-- Data to process follows --

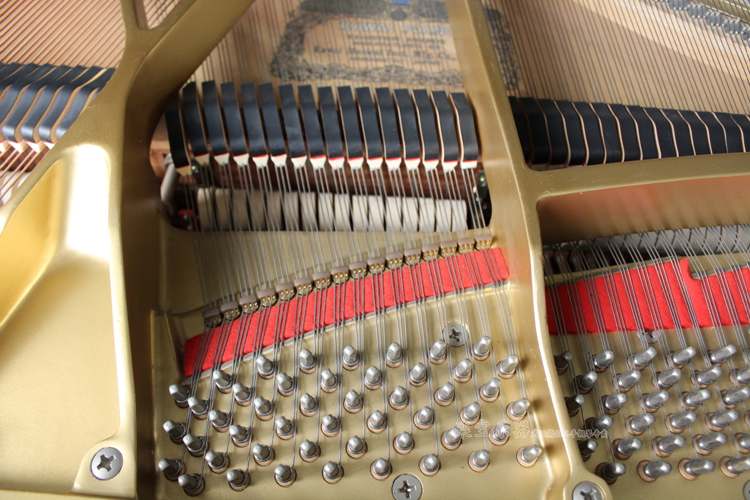 Đàn grand piano nhập khẩu KAWAI RX-1D Nhật Bản (KG-1/2/3 / RX-2/3) đàn piano cho bé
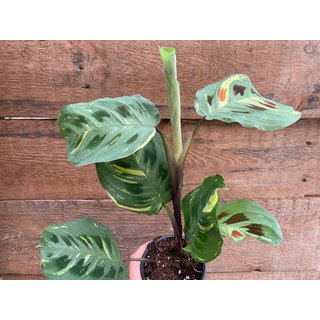 Maranta leuconeura kerchoveana variegata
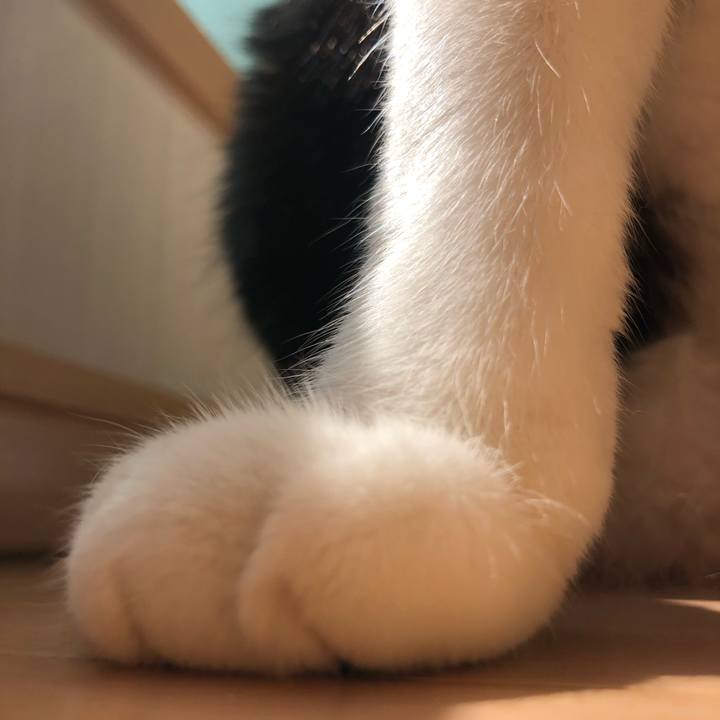 C5674ae1 b851 4cb7 a168 dc318655e0e1 1619246153417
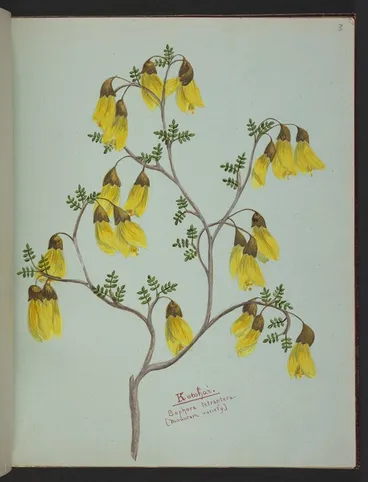 Image: Burton, Clelia, 1878-1952 :Kowhai. Sophora tetraptera. [Mountain variety. 1890s?]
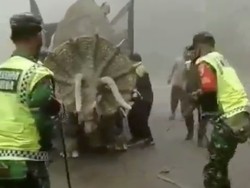 Hah, Ada Hewan Raksasa Ngamuk Sampai-sampai TNI Turun Tangan?
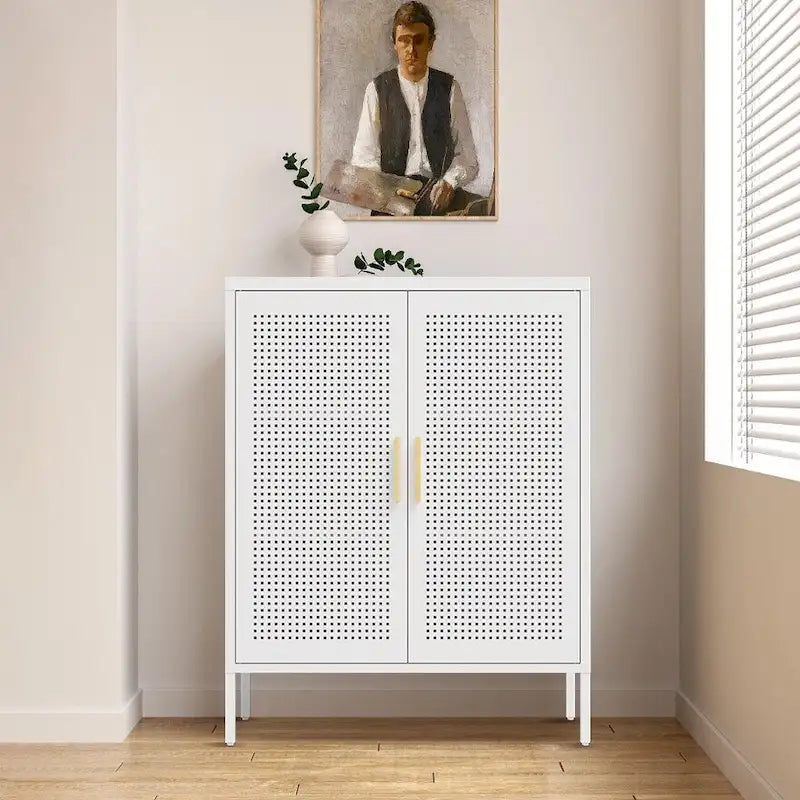 Metal Storage Cabinet with 2 Doors and 2 Adjustable Shelves, Steel Lockable Garage Storage Cabinet
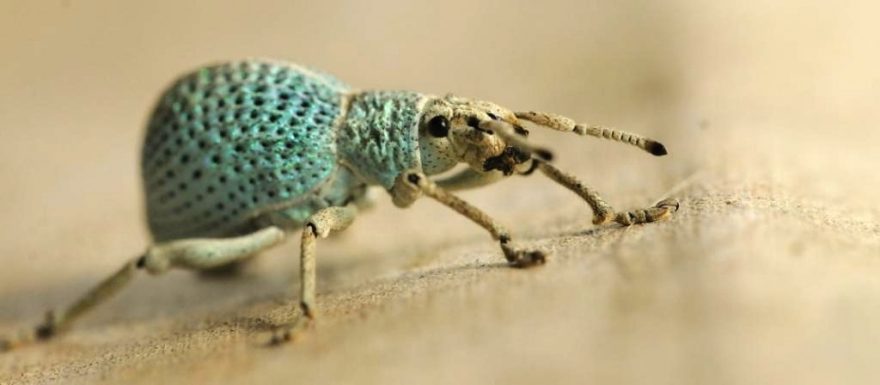 Sirinat: thajský národní park hned vedle letiště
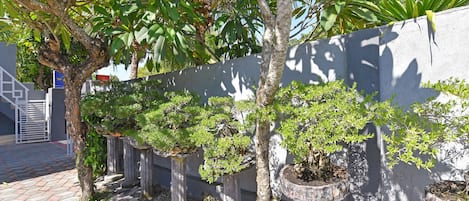 Jardin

-- Data to process concluded --

:: Work task ::
Please return the lines above exactly, with the pictures omitted.

:: Response box ::
 Đàn grand piano nhập khẩu KAWAI RX-1D Nhật Bản (KG-1/2/3 / RX-2/3) đàn piano cho bé
 Maranta leuconeura kerchoveana variegata
 C5674ae1 b851 4cb7 a168 dc318655e0e1 1619246153417
 Image: Burton, Clelia, 1878-1952 :Kowhai. Sophora tetraptera. [Mountain variety. 1890s?]
 Hah, Ada Hewan Raksasa Ngamuk Sampai-sampai TNI Turun Tangan?
 Metal Storage Cabinet with 2 Doors and 2 Adjustable Shelves, Steel Lockable Garage Storage Cabinet
 Sirinat: thajský národní park hned vedle letiště
 Jardin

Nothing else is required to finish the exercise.